I still remember the first time I switched to LAMP. I was building a new startup in 1999, and wanted to do it right. I had heard that all great companies built their applications on Oracle. So one of the first things we did was to hire an Oracle expert and get to work. Our paltry funding didn't allow us to buy expensive Sun or SGI boxes, but we had a pretty beefy intel-based box from Dell. We had just heard about Oracle's support for Linux, so we installed Red Hat and tried to install Oracle. We tried for weeks. I don't really remember why it didn't work. It wouldn't boot. It would boot and crash. We tried to learn how to create a schema, or really anything at all, and mostly failed. It felt like software that grownups were supposed to use, and we didn't qualify.
Meanwhile, we were building our app in PHP, using a generic DB driver and mysql, "for the time being." As the days turned into weeks, eventually the mysql version of our app became the only version, and at some point we just decided to give up on Oracle, fire the expert, and see what happened.
That startup didn't turn out so well, but not for lack of technology. It cost us a few hundred thousand dollars to get our app up and running, but none of that was dollars spent on software licenses or professional services. We just had our app support a few tens of thousands of customers, and it did well. Some combination of the dot-com crash and a just terrible business plan prevented us from having to take our scalability problems to the next level.
Looking back, that was a special moment. I can't really imagine how much it cost our "grownup" counterparts at other dot-com startups to get their first app up and running.

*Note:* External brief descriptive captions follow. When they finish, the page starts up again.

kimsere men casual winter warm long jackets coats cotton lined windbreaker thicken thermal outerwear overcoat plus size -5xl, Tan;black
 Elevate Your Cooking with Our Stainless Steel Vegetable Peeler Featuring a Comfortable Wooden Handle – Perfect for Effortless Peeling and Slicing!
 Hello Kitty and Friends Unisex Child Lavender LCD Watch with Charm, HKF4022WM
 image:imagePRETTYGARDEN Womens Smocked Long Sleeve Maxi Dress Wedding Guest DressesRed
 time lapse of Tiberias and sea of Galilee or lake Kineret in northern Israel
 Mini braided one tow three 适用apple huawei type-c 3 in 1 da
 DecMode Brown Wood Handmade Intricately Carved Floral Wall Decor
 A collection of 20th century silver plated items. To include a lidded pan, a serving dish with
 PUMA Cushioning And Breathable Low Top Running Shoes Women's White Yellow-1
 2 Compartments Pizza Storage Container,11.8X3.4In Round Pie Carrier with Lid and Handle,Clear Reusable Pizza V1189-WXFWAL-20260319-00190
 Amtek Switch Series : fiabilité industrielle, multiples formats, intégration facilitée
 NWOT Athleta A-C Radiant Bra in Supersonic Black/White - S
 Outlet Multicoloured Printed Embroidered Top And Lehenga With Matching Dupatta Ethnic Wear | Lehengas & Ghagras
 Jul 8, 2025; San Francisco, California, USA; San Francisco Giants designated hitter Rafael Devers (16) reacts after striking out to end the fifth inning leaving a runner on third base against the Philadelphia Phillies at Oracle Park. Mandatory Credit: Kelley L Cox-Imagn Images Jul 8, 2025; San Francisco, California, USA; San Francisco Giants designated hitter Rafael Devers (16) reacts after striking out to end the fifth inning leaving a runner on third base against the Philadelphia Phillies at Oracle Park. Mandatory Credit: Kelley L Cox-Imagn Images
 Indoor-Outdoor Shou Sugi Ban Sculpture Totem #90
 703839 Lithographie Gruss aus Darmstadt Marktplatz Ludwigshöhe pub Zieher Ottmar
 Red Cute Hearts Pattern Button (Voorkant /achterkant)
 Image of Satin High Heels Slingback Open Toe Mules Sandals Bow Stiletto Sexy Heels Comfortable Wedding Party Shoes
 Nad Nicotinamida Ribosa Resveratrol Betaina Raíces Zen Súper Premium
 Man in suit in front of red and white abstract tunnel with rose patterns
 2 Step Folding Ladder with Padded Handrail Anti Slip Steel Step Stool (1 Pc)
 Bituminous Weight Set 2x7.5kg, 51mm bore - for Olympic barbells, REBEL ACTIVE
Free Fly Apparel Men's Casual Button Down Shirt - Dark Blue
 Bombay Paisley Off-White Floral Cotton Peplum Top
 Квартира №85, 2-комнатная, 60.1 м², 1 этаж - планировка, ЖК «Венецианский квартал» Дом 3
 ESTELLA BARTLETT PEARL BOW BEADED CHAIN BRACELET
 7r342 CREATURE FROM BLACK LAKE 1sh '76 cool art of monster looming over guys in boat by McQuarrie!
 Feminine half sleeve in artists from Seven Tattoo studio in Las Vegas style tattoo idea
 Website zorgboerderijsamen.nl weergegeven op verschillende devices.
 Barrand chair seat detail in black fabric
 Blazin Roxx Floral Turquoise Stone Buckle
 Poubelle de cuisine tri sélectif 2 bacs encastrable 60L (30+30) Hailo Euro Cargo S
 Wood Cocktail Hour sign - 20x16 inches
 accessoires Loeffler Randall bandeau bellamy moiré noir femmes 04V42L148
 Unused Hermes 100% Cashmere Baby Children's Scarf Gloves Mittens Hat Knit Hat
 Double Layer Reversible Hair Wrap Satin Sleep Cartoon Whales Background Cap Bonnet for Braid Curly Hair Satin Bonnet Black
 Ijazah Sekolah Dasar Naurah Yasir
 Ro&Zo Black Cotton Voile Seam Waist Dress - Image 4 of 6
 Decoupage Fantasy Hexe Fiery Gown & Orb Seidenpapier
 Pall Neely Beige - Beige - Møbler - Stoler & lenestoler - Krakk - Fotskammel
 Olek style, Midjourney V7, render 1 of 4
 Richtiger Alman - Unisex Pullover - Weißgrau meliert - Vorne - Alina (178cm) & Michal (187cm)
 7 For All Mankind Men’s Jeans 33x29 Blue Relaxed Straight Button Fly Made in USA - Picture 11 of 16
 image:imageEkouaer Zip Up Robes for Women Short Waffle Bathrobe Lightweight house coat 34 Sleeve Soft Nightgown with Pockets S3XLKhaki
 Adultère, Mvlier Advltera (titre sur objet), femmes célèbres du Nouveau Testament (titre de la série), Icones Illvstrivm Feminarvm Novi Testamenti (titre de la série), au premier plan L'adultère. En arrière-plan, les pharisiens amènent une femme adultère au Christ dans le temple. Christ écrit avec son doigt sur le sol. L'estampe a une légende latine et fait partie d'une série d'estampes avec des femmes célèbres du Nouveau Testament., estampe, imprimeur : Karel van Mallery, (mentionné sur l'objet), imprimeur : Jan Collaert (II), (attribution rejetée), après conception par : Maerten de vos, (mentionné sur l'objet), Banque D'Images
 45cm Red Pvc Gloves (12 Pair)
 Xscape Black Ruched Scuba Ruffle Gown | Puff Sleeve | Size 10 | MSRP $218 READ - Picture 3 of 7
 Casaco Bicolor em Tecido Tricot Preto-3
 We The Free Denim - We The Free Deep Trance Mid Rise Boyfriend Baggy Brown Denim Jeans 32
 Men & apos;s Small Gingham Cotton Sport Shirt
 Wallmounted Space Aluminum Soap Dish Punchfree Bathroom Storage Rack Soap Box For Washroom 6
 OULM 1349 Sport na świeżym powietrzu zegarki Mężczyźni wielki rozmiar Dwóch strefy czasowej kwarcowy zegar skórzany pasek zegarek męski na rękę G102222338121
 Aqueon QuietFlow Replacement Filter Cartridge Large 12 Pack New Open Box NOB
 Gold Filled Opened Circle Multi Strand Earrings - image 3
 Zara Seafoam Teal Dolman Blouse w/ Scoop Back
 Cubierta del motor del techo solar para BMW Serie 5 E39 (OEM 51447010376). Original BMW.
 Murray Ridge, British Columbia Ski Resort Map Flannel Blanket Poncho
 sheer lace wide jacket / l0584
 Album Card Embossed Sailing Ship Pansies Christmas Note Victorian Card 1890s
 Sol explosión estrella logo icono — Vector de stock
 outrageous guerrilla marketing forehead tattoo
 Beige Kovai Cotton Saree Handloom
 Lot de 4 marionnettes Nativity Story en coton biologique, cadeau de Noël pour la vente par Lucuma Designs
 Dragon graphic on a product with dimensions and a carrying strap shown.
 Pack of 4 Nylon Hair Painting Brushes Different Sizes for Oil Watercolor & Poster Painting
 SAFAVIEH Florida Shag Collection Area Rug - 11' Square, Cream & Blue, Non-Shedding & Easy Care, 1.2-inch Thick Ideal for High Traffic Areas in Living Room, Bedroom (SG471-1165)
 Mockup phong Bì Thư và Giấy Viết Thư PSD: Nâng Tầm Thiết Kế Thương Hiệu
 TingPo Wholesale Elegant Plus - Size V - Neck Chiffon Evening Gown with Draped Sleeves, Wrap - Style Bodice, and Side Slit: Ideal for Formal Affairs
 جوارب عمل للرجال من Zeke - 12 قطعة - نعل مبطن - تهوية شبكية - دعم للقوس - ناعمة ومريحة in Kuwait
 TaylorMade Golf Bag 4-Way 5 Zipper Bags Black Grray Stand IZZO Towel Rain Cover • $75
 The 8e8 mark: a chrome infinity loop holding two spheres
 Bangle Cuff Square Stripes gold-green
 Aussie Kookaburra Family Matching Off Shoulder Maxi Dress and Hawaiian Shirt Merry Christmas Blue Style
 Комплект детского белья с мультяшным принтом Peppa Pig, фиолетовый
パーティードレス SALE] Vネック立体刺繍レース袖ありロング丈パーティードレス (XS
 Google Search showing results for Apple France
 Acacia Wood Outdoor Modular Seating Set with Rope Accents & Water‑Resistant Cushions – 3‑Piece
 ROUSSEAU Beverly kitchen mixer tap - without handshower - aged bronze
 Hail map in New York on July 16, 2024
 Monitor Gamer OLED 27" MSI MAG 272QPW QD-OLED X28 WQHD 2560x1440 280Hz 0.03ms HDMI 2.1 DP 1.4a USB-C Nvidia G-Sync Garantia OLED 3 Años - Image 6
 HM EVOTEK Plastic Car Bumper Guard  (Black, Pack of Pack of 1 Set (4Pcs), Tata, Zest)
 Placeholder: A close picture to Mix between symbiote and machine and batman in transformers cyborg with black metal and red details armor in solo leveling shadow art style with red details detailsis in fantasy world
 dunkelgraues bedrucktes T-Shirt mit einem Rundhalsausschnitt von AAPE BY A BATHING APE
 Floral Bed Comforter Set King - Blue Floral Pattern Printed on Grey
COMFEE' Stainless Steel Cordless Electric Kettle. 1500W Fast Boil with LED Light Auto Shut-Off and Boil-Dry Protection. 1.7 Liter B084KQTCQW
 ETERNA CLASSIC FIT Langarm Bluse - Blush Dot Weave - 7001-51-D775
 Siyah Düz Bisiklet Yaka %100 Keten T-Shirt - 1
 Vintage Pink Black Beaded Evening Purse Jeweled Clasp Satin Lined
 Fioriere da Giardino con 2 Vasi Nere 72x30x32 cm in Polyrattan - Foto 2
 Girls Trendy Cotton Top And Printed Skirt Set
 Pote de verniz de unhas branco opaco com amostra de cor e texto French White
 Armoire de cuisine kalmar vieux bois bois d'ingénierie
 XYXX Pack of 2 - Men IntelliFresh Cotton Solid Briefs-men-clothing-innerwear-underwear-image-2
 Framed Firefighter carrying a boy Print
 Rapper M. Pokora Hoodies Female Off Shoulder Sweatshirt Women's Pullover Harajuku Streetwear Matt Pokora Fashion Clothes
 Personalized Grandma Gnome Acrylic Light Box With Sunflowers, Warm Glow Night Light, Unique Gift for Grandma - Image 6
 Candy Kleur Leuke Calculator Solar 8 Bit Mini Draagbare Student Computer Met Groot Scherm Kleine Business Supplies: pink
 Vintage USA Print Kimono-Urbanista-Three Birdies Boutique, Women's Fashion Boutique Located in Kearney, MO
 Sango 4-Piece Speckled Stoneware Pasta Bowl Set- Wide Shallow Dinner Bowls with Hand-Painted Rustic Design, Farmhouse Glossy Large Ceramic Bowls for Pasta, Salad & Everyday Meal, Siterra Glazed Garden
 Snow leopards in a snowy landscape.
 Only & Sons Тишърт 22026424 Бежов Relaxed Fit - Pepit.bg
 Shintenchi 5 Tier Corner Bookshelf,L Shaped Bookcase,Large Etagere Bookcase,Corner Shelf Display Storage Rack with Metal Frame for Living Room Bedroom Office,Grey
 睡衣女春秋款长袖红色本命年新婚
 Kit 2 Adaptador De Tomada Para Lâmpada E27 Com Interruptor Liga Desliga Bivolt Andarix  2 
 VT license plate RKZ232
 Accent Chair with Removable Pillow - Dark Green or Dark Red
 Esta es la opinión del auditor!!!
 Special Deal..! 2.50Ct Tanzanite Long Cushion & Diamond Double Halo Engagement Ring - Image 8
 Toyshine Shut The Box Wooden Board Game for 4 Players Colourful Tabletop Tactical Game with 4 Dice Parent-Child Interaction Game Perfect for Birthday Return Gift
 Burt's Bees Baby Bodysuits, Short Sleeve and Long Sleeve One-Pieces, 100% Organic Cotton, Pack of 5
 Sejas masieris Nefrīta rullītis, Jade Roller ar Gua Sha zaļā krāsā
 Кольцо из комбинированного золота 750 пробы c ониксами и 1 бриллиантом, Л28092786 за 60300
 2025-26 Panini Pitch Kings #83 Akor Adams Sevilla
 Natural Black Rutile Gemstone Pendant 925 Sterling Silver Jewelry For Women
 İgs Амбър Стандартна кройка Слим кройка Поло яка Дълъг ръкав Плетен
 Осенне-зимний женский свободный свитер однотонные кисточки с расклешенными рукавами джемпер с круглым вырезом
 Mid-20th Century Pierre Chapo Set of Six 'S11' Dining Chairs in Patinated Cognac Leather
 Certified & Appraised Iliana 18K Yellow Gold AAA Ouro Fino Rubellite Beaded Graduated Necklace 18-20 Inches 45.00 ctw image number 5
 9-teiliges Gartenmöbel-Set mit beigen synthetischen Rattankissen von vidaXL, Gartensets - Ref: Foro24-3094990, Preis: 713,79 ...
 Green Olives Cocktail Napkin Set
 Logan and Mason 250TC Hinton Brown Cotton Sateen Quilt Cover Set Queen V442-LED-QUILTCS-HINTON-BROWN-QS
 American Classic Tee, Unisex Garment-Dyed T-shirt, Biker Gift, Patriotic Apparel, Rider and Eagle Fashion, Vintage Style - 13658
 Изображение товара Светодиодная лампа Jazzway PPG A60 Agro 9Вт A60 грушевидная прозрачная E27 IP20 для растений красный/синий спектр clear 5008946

My guess is many millions more than we spent.
Our open source counterparts who did solve the scale problem, had some serious hardware costs to deal with. So did I when I finally found myself building an app with real scalability, a few years later, but a combination of our just-in-time scalability technique and great open source scaling tools, made it manageable.
We're in a new wave of platform evolution. Now you can build an app at true web scale without incurring any software costs, or any fixed hardware costs. You don't need to invent a new architecture, and you don't need to even build your architecture up-front. You can turn your entire application infrastructure investment into a pay-as-you-go variable cost, and bring new products to market at speeds an order of magnitude faster than just 10 years ago.